Summary: Melt ups often precede melt downs and no-one rings the bell at the top of a market. This market is likely to melt up, and the melt up could last for all of 2015 or abruptly end and become a melt down. There may still be more juice to squeeze out of rising share prices, but you need to have an exit strategy.
Key take-out: A trend-following signals system is one safeguard against a market crash.
Key beneficiaries: General investors. Category: Shares.
In the recent Eureka Report lead story Will the markets melt up? (February 4), Doug Turek, principal advisor with Professional Wealth, made an astute observation:
"It may seem counterintuitive but [central bank interest rate cuts] may actually drive a “melt up” in share prices this year, complementing the already melted up bond market.”
Since bad news sells more than good news, the phrase “melt up” doesn’t appear as often in the media as the more worn “melt down”. A melt up is simply the opposite. It is when investment prices rise rapidly and well above fundamentals. According to Investopedia, a melt up is driven by a stampede of investors who don’t want to miss out on rising prices. Perhaps today we should say instead it is being driven by a stampede of central bankers, or simply yield-hungry investors.
It should be no surprise that melt ups often precede melt downs, so be warned.
For the past seven years the global share market, and especially Wall Street, has enjoyed a strong bull market following the bear market of 2007-09.
A typical share market cycle undergoes four phases as follows:
An explanation of each of these phases can be found here.
Many think the global share market is moving from its Mark-up phase to its Distribution phase. If so then there is still more juice to be squeezed out of shares. But you need to have a well-planned exit strategy.
No-one rings the bell at the top of a market. But I do believe market timing strategies, using objective trend and momentum indicators, can tell you when the market is exhausted and has changed direction warranting selling your listed share funds so you avoid the slippery path most investors experience in a bear market.
With interest rates at historic lows and government spending overstretched both monetary and fiscal stimuli may have been exhausted. Yet worldwide total debt is now 20 percentage points higher that it was before the GFC, so households, corporations and governments are reluctant to borrow more even though money has never been cheaper.
Instead speculators have used cheap credit to fuel an asset price boom as reflected in bond, equity and property markets. And ordinary investors to make ends meet have abandoned low yielding cash and bonds for the higher returns being offered by soaring share and property prices. Because the music didn’t stop (except for an interlude in 2011 when Greece looked like it might default), investor sentiment has transformed from fear to complacency.

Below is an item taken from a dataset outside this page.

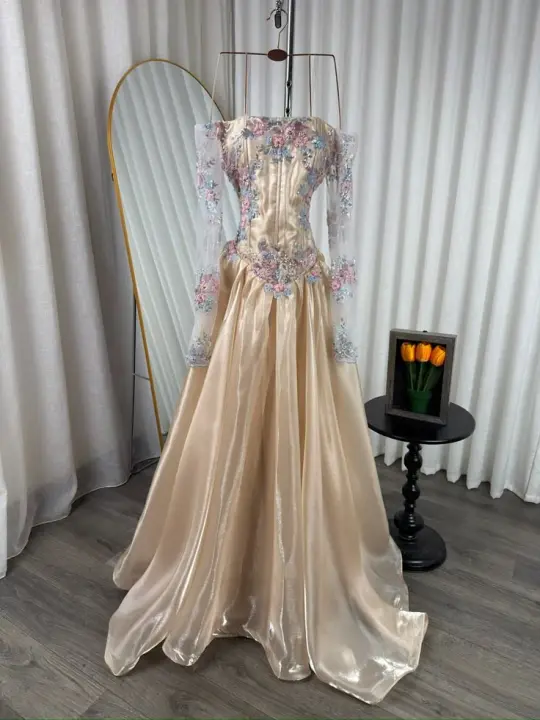 Charming Silky Applique Women's Prom Gown Champagne Waist Fitted Maxi Evening Dress Birthday Dress — Fall Outfit 2026 New  RS3252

But it’s precisely when everyone thinks it’s safe to take risks again that markets have a habit of biting us. Look at the following chart that measures the American stock market’s price volatility. This VIX index is commonly called the Fear index because it accurately gauges investor fear.
Note that the last crash happened just after the market had reached supreme confidence as reflected by very low volatility. Note also how volatility (fear) peaked just before the share index troughed. Finally observe how volatility last reached its low point in mid-2014 and has been rising since. The same pattern is evident in Australia.
I’m not saying that the market is about to crash. Indeed it is likely to melt up as Doug Turek says. And this melt up might last for all of 2015 or abruptly end and become a melt down triggered by some cataclysmic event such as a Greek exit from the euro or a proxy war between Russia and America over Ukraine.
Alternatively, share markets could continue soaring if March 2009 marked the start of a new secular bull market like the one that ran between 1982 and 2000.
As always, nobody knows the future: But what we do know is that a safeguard against a market crash is a trend-following signals system. As I have said before even a crude 50 by 250 day moving average trend-line crossover strategy demonstrates that anyone trend trading either the US or Australian share indices would have avoided the worst of the busts of the last twenty years yet enjoyed the run-ups to these crashes and participated in the rallies that followed them.
Here are the trend trading busts in the Australian All Ords Share Index 1995-2015:
Historically, slow trend trading a listed fund (like the SPDR S&P/ASX 200 Share Fund – ASX Code STW) has given better returns with less emotional trauma than passively holding such an indexed fund.